Cece sleeping // Moonshine Mama Blog

Cece snoozing in her vintage 1940s overalls.

She is sweet and cute and so frustrating sometimes. Do other parents think that there are two versions of their kids? When she is screaming and crying, beating her little fists against me, I look down at her face and it is screwed up in an angry grimace and I swear it’s not her. But I know it is, I know that this hysterical little ball of energy is also my daughter, but sometimes I don’t recognize her. This is her personality expanding, I know, into something new and foreign and separate from me.

Mommy Blogger // Moonshine Mama Blog

The moment I realized I might be a “mommy blogger”: solo trip to target, Starbucks & a Clare Vivier bag. Ugh.

It is a battle, this mom thing. I make a conscious effort to remain calm, to sooth and speak to her in a level voice. But sometimes, I have to hand her to her dad or lay her down and step away because this is the hardest thing I’ve ever done and I am not usually a calm and level-headed person. Before Cece, I prided myself on my temper. It was a doozy, something I claimed as part of my heritage. The fiery, Irish poet temper ready to flame forth at any given moment. It served me well in college, in careers, in social situations. I could control it and enflame it and use it as a tool. But now, I have to douse it and push it way down. And that is foreign to me. It gets easier every time, but it is still something I struggle with. I want Cece to learn, as I did, how tempers are normal and part of who we are, but that there is a time and place to bring them out.

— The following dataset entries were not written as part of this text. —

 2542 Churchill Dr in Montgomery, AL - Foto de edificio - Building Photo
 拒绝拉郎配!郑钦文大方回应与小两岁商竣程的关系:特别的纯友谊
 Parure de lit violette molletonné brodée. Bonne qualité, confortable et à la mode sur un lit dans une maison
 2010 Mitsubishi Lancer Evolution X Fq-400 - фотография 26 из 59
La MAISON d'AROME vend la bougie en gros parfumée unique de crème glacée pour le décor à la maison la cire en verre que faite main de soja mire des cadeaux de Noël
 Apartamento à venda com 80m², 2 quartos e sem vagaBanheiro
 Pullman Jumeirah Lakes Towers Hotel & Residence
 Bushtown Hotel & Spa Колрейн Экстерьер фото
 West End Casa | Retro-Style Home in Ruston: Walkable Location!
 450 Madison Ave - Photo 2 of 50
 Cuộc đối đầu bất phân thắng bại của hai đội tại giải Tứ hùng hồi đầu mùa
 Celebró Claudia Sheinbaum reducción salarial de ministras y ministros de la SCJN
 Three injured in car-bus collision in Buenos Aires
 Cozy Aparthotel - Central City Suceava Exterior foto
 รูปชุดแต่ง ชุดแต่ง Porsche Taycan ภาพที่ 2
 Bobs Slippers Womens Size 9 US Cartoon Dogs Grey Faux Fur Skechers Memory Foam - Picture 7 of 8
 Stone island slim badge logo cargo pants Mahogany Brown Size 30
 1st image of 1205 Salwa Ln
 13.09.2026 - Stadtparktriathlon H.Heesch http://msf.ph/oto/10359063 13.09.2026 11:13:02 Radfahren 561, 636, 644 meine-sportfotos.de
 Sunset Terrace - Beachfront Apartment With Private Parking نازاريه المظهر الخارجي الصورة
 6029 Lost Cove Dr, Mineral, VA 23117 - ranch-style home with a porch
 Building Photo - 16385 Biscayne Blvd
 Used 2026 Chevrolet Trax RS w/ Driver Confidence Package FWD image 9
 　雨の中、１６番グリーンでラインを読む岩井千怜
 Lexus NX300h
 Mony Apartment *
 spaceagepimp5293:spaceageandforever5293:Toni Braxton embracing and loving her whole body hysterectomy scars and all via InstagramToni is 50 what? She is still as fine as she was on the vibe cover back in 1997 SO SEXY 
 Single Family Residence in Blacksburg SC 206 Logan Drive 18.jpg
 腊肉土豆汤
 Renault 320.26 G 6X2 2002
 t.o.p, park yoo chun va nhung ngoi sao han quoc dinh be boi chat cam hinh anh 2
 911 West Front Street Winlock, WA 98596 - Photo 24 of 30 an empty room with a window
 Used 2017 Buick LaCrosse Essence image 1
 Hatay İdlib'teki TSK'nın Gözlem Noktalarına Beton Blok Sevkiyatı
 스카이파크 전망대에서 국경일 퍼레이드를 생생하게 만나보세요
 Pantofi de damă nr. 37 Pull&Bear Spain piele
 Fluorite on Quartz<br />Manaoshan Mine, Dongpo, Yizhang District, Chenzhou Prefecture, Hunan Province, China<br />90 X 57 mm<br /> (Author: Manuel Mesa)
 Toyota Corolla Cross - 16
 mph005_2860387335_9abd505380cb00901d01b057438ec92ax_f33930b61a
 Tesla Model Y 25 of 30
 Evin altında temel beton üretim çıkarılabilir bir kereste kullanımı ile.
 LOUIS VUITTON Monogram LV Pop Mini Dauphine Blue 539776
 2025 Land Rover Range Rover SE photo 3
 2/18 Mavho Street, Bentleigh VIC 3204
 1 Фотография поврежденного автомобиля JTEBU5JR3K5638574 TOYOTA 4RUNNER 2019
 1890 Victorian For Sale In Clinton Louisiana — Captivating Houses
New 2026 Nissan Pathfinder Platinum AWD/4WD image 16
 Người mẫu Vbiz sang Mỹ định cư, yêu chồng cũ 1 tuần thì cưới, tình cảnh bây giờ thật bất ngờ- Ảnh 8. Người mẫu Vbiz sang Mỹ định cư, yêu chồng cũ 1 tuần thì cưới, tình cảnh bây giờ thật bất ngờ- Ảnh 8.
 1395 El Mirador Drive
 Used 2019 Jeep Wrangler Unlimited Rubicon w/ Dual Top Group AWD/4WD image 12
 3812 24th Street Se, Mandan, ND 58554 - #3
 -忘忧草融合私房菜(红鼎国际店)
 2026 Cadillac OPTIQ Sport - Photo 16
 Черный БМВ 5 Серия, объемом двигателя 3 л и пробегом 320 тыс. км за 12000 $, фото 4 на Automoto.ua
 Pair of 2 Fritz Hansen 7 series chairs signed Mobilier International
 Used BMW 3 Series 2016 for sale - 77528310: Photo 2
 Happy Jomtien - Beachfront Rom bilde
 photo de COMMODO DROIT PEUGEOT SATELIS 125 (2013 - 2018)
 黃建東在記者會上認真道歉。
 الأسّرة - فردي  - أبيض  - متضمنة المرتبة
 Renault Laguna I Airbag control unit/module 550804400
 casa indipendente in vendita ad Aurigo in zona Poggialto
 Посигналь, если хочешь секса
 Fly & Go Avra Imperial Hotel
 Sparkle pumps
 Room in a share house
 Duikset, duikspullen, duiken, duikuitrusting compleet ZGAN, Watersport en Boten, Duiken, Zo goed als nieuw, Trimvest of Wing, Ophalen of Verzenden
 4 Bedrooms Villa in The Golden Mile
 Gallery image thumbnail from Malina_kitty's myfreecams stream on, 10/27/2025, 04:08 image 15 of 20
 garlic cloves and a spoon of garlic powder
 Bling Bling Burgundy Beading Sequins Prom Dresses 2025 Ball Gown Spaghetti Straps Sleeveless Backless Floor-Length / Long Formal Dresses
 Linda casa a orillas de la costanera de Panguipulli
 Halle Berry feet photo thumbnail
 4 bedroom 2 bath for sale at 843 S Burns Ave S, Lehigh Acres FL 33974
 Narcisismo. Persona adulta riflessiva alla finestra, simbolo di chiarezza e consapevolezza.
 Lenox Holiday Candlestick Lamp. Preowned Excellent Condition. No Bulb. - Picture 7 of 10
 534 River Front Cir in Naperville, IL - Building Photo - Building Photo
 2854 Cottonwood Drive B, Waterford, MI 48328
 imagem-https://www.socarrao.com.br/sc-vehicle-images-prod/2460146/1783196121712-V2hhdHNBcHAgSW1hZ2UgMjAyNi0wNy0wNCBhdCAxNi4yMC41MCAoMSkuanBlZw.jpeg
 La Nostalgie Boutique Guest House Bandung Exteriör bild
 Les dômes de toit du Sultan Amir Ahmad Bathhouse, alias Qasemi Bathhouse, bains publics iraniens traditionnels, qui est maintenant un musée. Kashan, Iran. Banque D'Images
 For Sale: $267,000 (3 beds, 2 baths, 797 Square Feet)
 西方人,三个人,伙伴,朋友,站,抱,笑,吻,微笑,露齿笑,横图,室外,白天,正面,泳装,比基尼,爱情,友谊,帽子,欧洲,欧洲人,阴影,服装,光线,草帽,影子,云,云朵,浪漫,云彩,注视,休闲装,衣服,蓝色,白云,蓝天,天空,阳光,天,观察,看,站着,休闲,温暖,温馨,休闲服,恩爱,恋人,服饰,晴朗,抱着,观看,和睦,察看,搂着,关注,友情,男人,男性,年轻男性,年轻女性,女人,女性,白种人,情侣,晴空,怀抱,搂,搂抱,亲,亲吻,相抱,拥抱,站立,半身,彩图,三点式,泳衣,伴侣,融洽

It is such a fine line, this gentle parenting thing. I want to be the mom who soothes her kids with gentle words and actions when they are wound up and ready to pop. But I don’t want to be the mom who let’s them run rampant over others while I try to “gentle” them into behaving. There is a time and a place for a stern talking-to, and I want to perfect that. I want her to know that her spirit can be wild and free and adventurous, but when I tell her to calm down and chill out that she better do it. I think back to my own childhood, and while there were certainly times I stuck my fingers in my ears and said na-na-I-can’t-hear-you, my mom was very good at this balance. I learned that there were consequences to my actions — and I want Cece to learn this too.

Me at 10 months // Moonshine Mama Blog

Me at 10 months, at my great-grandparents old place in Lapile, AR.

Sometimes I feel exposed and already chastened when I admit that I will probably ground my kids and make them sit in time out and raise my voice at appropriate times. It was really hard to type that sentence — like someone is already judging me. They probably are. But you know what, all that shit happened to me as a kid and it worked. I don’t resent my mother for sending me to my room because I was being mean to my little brother. I don’t resent my parents for taking away toys, outings, privileges because I was being acting out. I don’t resent my parents for raising their voice (God dammit, why can’t I just type yelling? That is how scared I am of the judge-y Mom Brigade) when I was being a bully or treating someone in an awful way or just generally being a little shit. They used the tools they had at their disposal to teach me right from wrong and I will do the same thing.

Being a mom means going off on tangents, apparently. But these are the things that run through my head now that I’m a parent, the things that I worry about and turn over and over in my head. And she’s not even a toddler! Big Kahuna help me. I’m in for a wild ride.